▶ **Required work**
Please transcribe the lines below exactly, and leave every image behind.

▶ **Excerpts from a dataset**
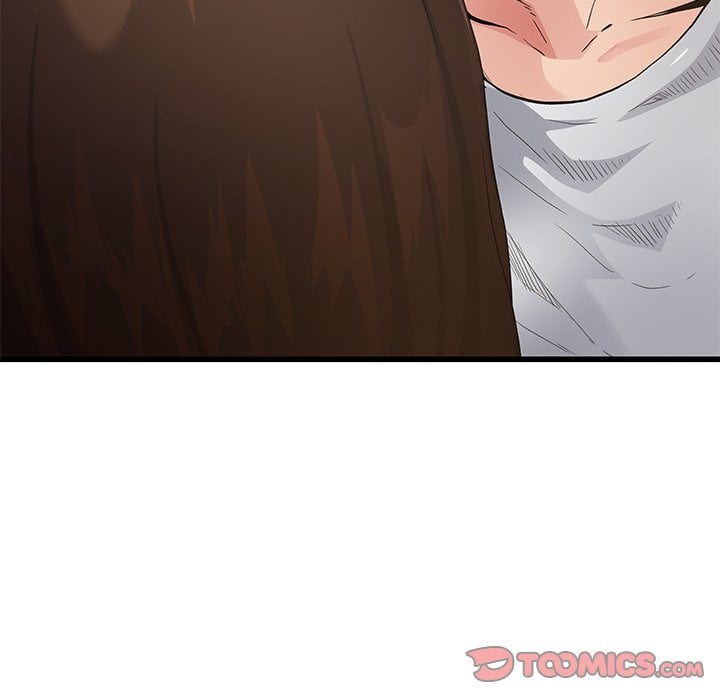 My Memory of You - Chapter 4 104 My Memory of You - Chapter 4 104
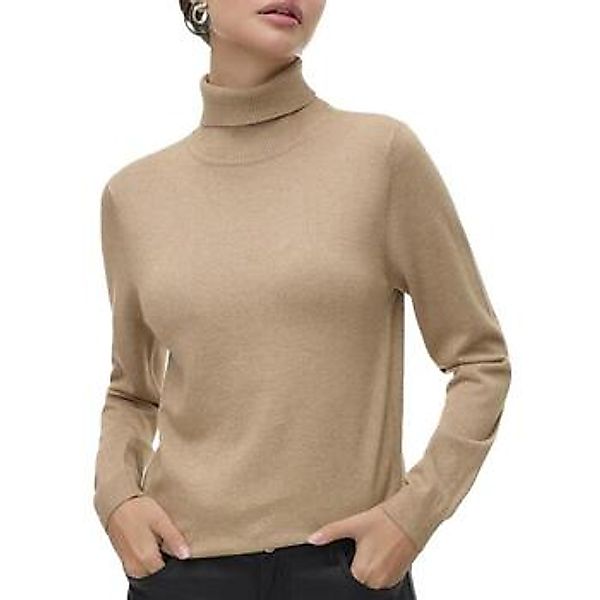 Vero Moda  Pullover 10317985 günstig online kaufen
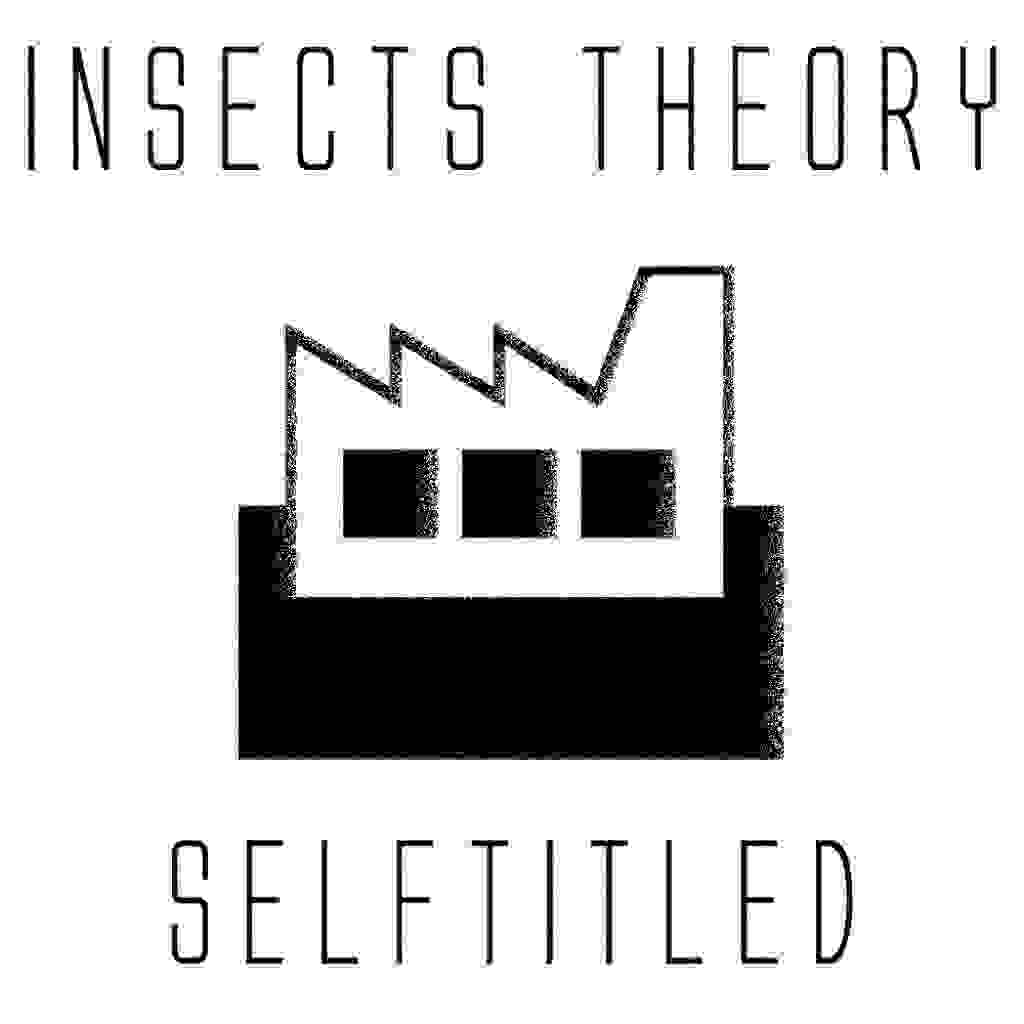 INSECTS THEORY – Intervista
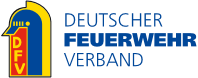 DFV Logo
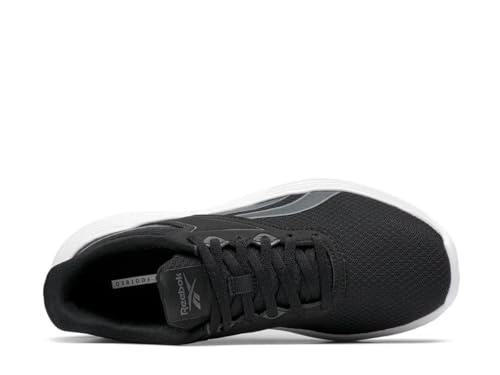 Image of Reebok Womens Instalite Lux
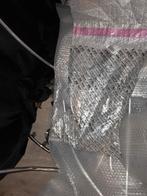 Vespa onderdelen, Fietsen en Brommers, Brommeronderdelen | Scooters, Ophalen of Verzenden, Gebruikt, Overige typen, Vespa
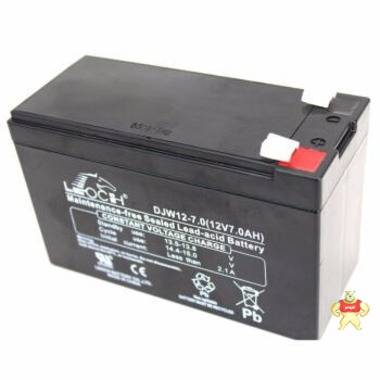 理士蓄電池DJW12-5.0 卷閘門電機(jī)電池 12V5AH 卷簾門12V4.5AH電瓶 理士蓄電池,理士電池,理士12v5ah,理士消防蓄電池,理士應(yīng)急蓄電池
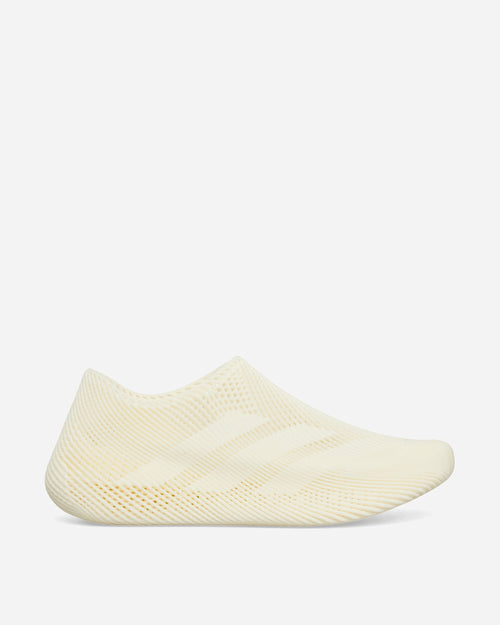Climacool Sneakers Off White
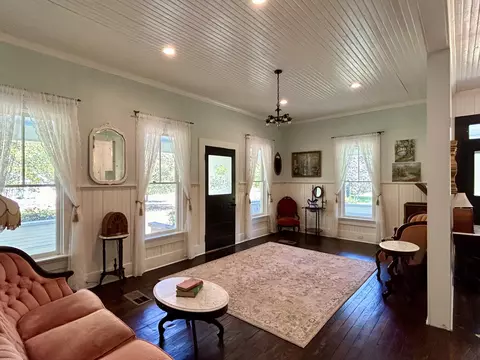 Living - 58 Hart Rd, Sandy Hook, MS 39478 photo 1 of 4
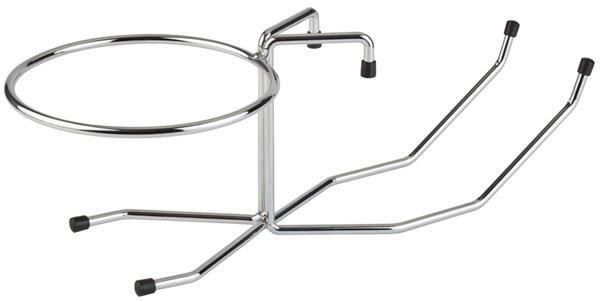 Supporto per secchiello 20 x 49 cm - APS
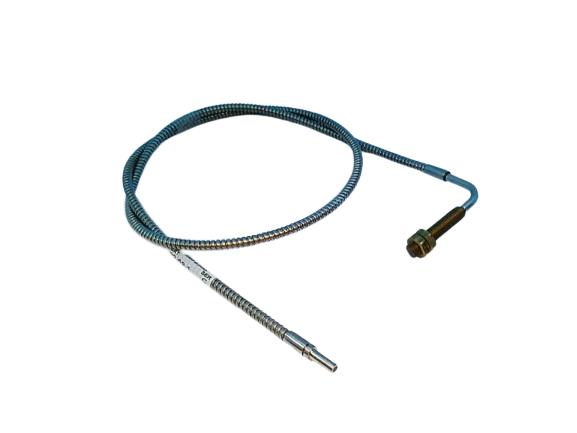 ALLEN BRADLEY 99-69-1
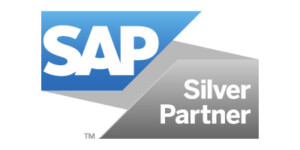 CAS AG ist SAP Silver Partner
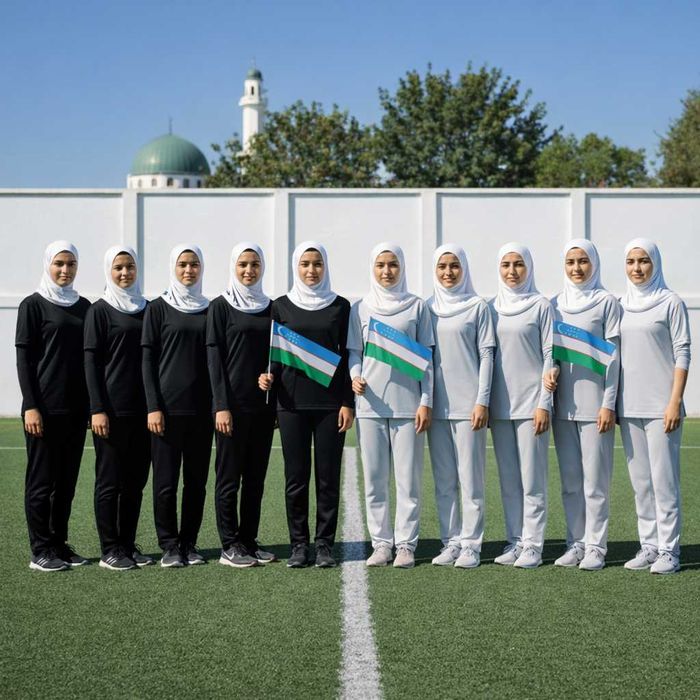 Сунъий Газон Резина қоплама Ўзбекистон бўйлаб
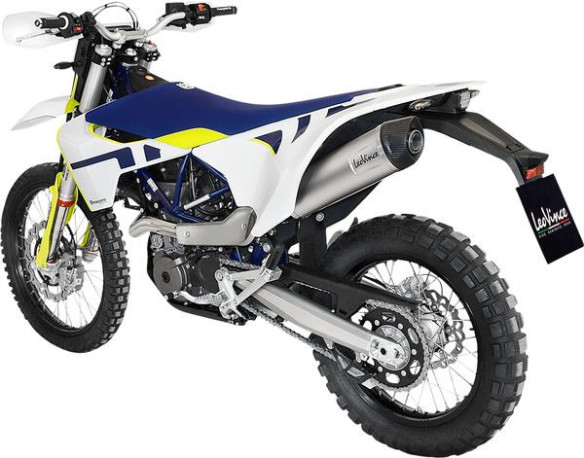 Evacuare Finala 800 R/GT 14356E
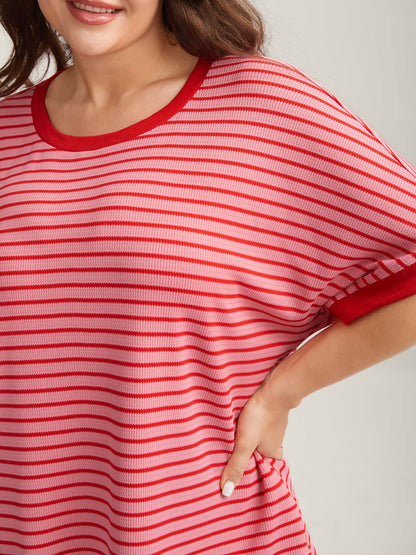 c47f5e7e-f4e1-48e1-873f-97956dd1a4a7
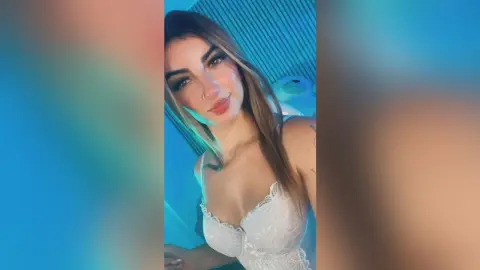 AitanaFostert — 2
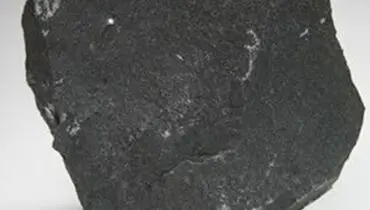 سنگ بازالت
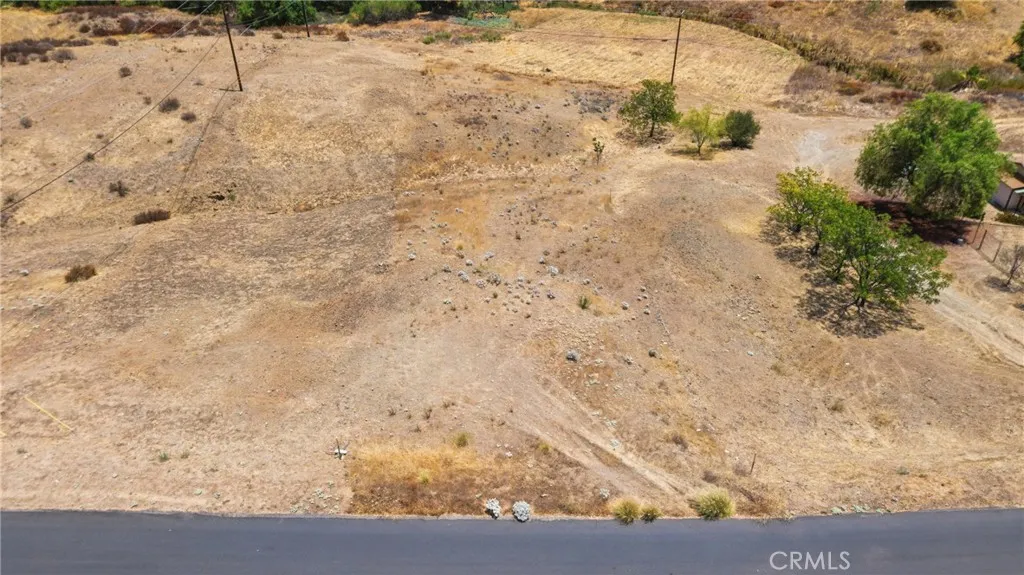 0 Nevada, Menifee, CA 92587 - Photo 4 of 17, Menifee, CA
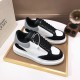 McQueen Shoes: Top Quality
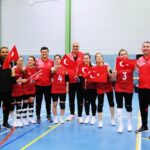 goalballde kadin ve erkek milli takimlari avrupa sampiyonasinda finale yukseldi video eklendi c6c353313bec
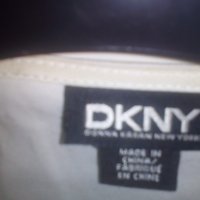 Дамско тънко яке от Лондон на. DKNY  326, снимка 2 - Якета - 29508979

▶ **Result**
 My Memory of You - Chapter 4 104 My Memory of You - Chapter 4 104
 Vero Moda  Pullover 10317985 günstig online kaufen
 INSECTS THEORY – Intervista
 DFV Logo
 Image of Reebok Womens Instalite Lux
 Vespa onderdelen, Fietsen en Brommers, Brommeronderdelen | Scooters, Ophalen of Verzenden, Gebruikt, Overige typen, Vespa
 理士蓄電池DJW12-5.0 卷閘門電機(jī)電池 12V5AH 卷簾門12V4.5AH電瓶 理士蓄電池,理士電池,理士12v5ah,理士消防蓄電池,理士應(yīng)急蓄電池
Climacool Sneakers Off White
 Living - 58 Hart Rd, Sandy Hook, MS 39478 photo 1 of 4
 Supporto per secchiello 20 x 49 cm - APS
 ALLEN BRADLEY 99-69-1
 CAS AG ist SAP Silver Partner
 Сунъий Газон Резина қоплама Ўзбекистон бўйлаб
 Evacuare Finala 800 R/GT 14356E
 c47f5e7e-f4e1-48e1-873f-97956dd1a4a7
 AitanaFostert — 2
 سنگ بازالت
 0 Nevada, Menifee, CA 92587 - Photo 4 of 17, Menifee, CA
 McQueen Shoes: Top Quality
 goalballde kadin ve erkek milli takimlari avrupa sampiyonasinda finale yukseldi video eklendi c6c353313bec
 Дамско тънко яке от Лондон на. DKNY  326, снимка 2 - Якета - 29508979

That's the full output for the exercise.